Extended Data Figure 2 Related to Fig. 2.
a, Representative metaphase spreads of TRF2ts MEFs transduced as indicated, collected after 24 h at 39 °C for telomere FISH. Original magnifications, ×63. b, Representative telomeric single-stranded G-overhang (ss TTAGGG) and total telomere (total TTAGGG) analysis in TRF2ts MEFs at 32 °C and after 48 h at 37 °C or 39 °C. c, d, Mad2l2 knockdown does not affect cell cycle parameters in TRF2ts MEFs. Cell cycle phase analysis was based on propidium iodide staining of asynchronously growing cells (c), as well as on 1 h incubation with BrdU, followed by detection of BrdU incorporation and propidium iodide staining for DNA content (d) (n = 3, mean ± s.d.). e, MAD2L2 is required for sister-telomere fusion upon activation of DNA repair in mitosis.
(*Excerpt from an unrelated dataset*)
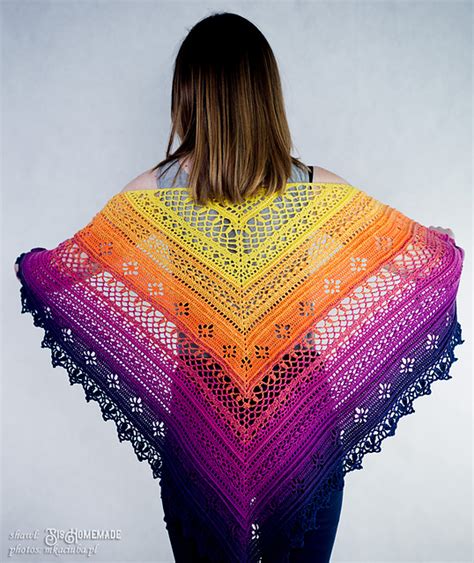 Ravelry Flower Valley Shawl Pattern By Sishomemade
Sister-telomere fusions were quantified in IMR90 cells expressing exogenous wild-type 53BP1 and RNF8, or 53BP1 (Thr1608Ala/Ser1618Ala) (TASA) and RNF8(Thr198Ala) (TA) mutant alleles, and depleted for endogenous RNF8 and 53BP1, as well as depleted for MAD2L2, RIF1 or PTIP (n = 4). f, Examples of DNA content profiles of TRF2ts cells transduced with the indicated shRNAs, grown at 32 °C, or for 48 h at 39 °C and stained with propidium iodide. Analysis of the fraction of cells with 8N (tetraploid) or >4N (aneuploid) DNA content was done on corresponding dotplots of which the results are shown in Fig. 2c.
Extended Data Figure 3 Related to Fig. 2.
a, qRT–PCR analysis of MAD2L2 expression levels in U2OS cells infected with control or MAD2L2 shRNAs, and used in the repair assays shown in Fig. 2d (error bars denote s.d.). b, c, qRT–PCR analysis of RAD51 (b) and MAD2L2 (c) expression levels in RAD51-depleted, E6E7-expressing U2OS cells used in the assays shown in Fig. 2e (error bars denote s.d.). d, Clonogenic survival assays of U2OS cells transduced with non-targeting control or 53BP1, RIF1 or MAD2L2 shRNAs and treated with the indicated doses of ionizing radiation (n = 3–4, mean ± s.e.m.). e, Western blot analysis of 53BP1, MAD2L2 and RIF1 in U2OS cells transduced with the indicated shRNAs. f, CSR in shRNA-transduced primary B cells (n = 2, mean ± s.d.). g, Western blot analysis of MAD2L2 and 53BP1 in CH12F3-2 B cells and mouse primary B cells transduced with the indicated shRNAs. h, MAD2L2 depletion does not affect cellular proliferation in murine B cells. CH12F3-2 cells transduced with control, 53bp1 or Mad2l2 shRNAs were loaded with CFSE and analysed by flow cytometry at 0, 24 and 48 h after stimulation. Profiles from all time points are plotted in the same histogram. i, MAD2L2 depletion does not affect the transcription of critical genes implicated in CSR. RT–PCR analysis of Aid (Aicda) mRNA, IgM and IgA germline transcript (GLT) levels using twofold serial dilutions of cDNA made from activated CH12F3-2 B cells transduced with the indicated shRNAs. Gapdh was used as a control for transcript expression.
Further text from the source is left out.